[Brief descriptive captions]
⁂

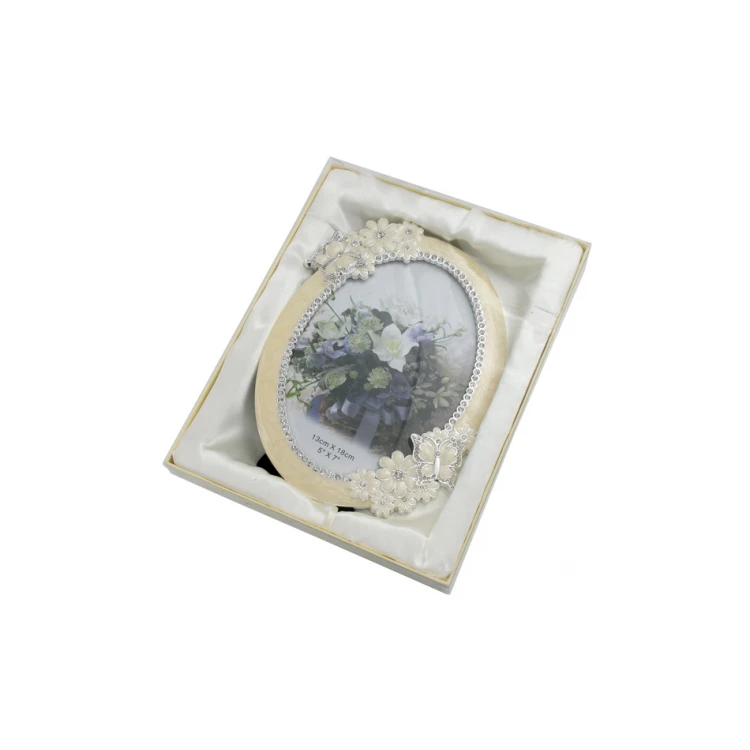 Ovaler Bilderrahmen aus beigem Perlmutt für Kinderfoto - Blumen und Schmetterlinge - RAM007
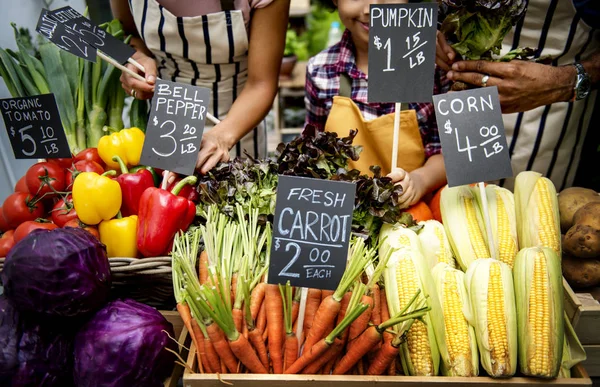 Afrikansk flicka att hjälpa föräldrar i butik — Stockfoto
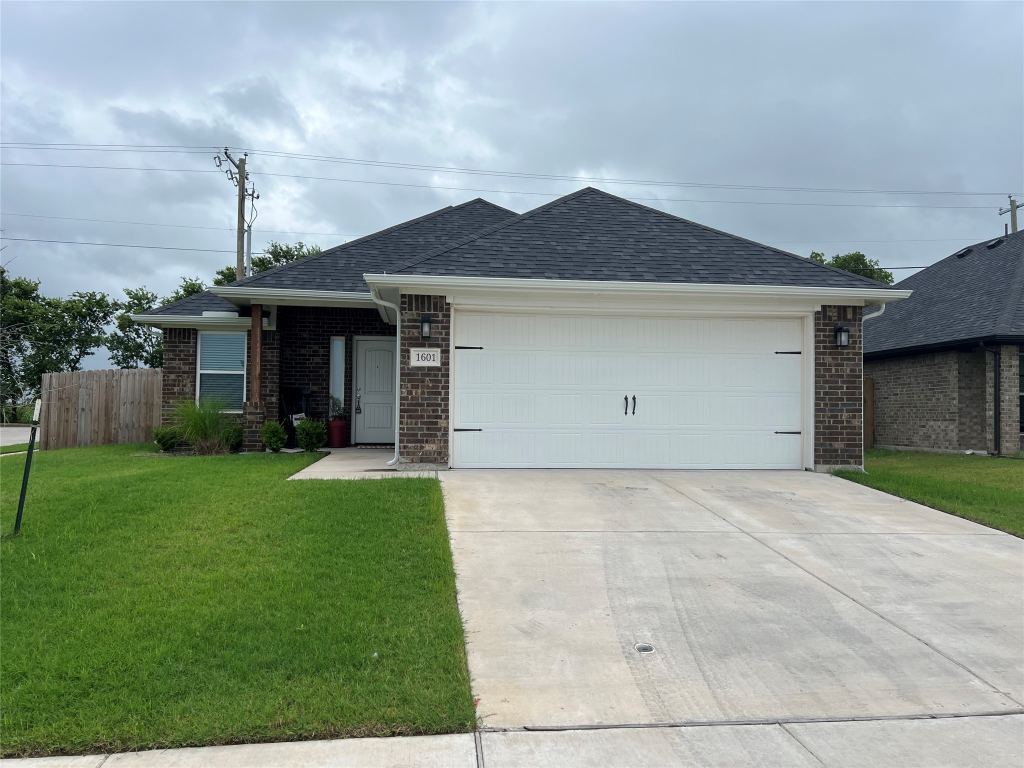 1601 Aleia Cove, Sherman, TX 75092 — photo 1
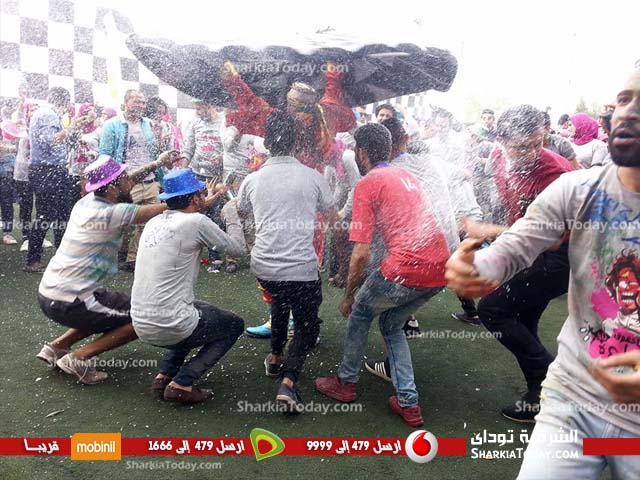 طلاب كلية الحقوق جامعة الزقازيق يحتفلون بالفان داي 5 جامعة الزقازيق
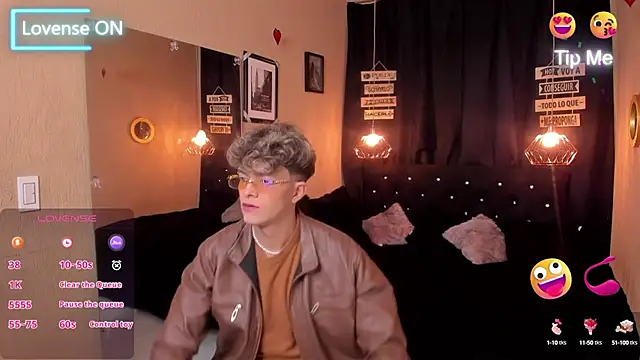 ANDRIUS 24 online show from March 2025 03:29:02 PM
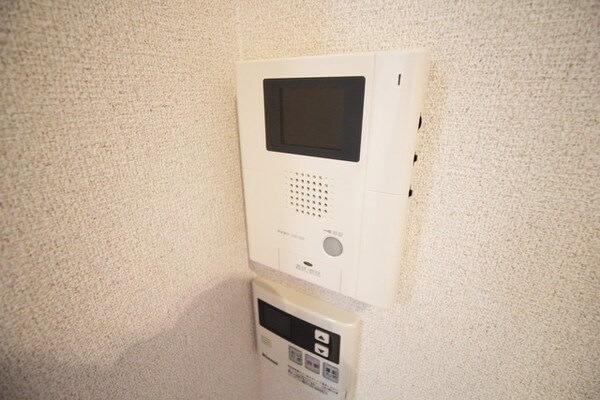 設備(★テレビモニタ付インターホンです★)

⁂

Activity — Please transcribe exactly the lines from the one containing "ANDRIUS 24 online" through the final line of the data, including both, and nothing else. Pictures are to be left out.

Solution to the exercise —
 ANDRIUS 24 online show from March 2025 03:29:02 PM
 設備(★テレビモニタ付インターホンです★)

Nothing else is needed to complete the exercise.